Self-Supervised Alignment with Mutual Information: Learning to Follow Principles without Preference Labels
Jan-Philipp Fränken, Eric Zelikman, Rafael Rafailov, Kanishk Gandhi, Tobias Gerstenberg, Noah D. Goodman
TL;DR
SAMI tackles aligning pretrained LMs to behavioral principles without human preference labels by optimizing the conditional mutual information $I(Y; C|X)$ between self-generated responses and constitutions given prompts. It formulates a tractable InfoNCE-based objective with a two-sided contrast (over responses and over constitutions) and employs an Expert Iteration–style training loop, plus regularization to prevent degeneration. Empirically, SAMI improves alignment on dialogue tasks beyond the base model and matches or exceeds instruction-finetuned baselines on summarization, with scalable results on stronger models like llama3-70b and with diverse, held-out principles.
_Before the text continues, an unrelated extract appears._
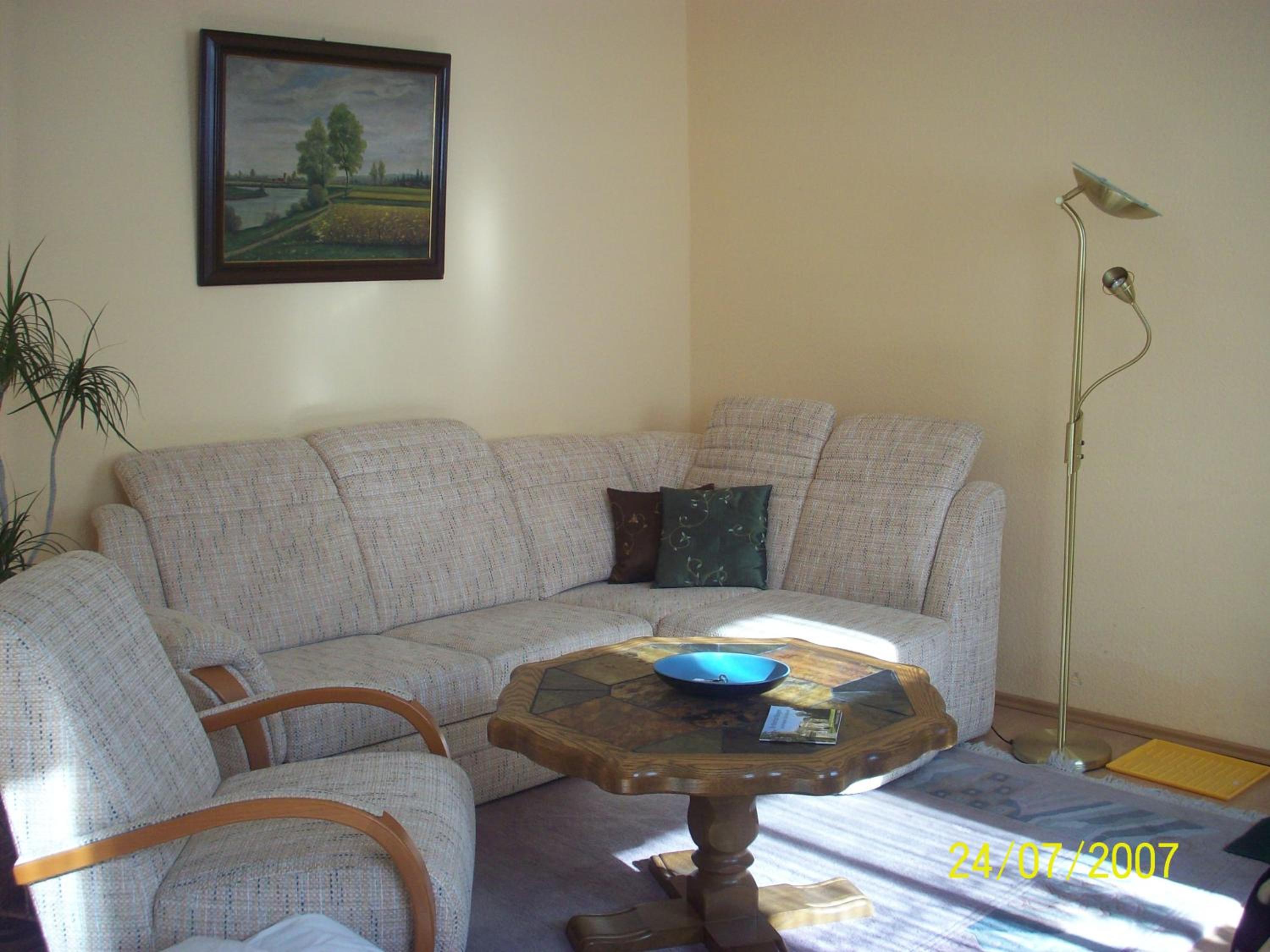 One-Bedroom Apartment - Photo 8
The work demonstrates that latent regularities in base models can be exploited to follow constitutions without labels, enabling scalable alignment across domains and model scales.
Abstract
When prompting a language model (LM), users often expect the model to adhere to a set of behavioral principles across diverse tasks, such as producing insightful content while avoiding harmful or biased language. Instilling such principles (i.e., a constitution) into a model is resource-intensive, technically challenging, and generally requires human preference labels or examples. We introduce SAMI, an iterative algorithm that finetunes a pretrained language model (without requiring preference labels or demonstrations) to increase the conditional mutual information between constitutions and self-generated responses given queries from a dataset. On single-turn dialogue and summarization, a SAMI-trained mistral-7b outperforms the initial pretrained model, with win rates between 66% and 77%. Strikingly, it also surpasses an instruction-finetuned baseline (mistral-7b-instruct) with win rates between 55% and 57% on single-turn dialogue. SAMI requires a model that writes the principles. To avoid dependence on strong models for writing principles, we align a strong pretrained model (mixtral-8x7b) using constitutions written by a weak instruction-finetuned model (mistral-7b-instruct), achieving a 65% win rate on summarization. Finally, we investigate whether SAMI generalizes to diverse summarization principles (e.g., "summaries should be scientific") and scales to stronger models (llama3-70b), finding that it achieves win rates of up to 68% for learned and 67% for held-out principles compared to the base model. Our results show that a pretrained LM can learn to follow constitutions without using preference labels, demonstrations, or human oversight.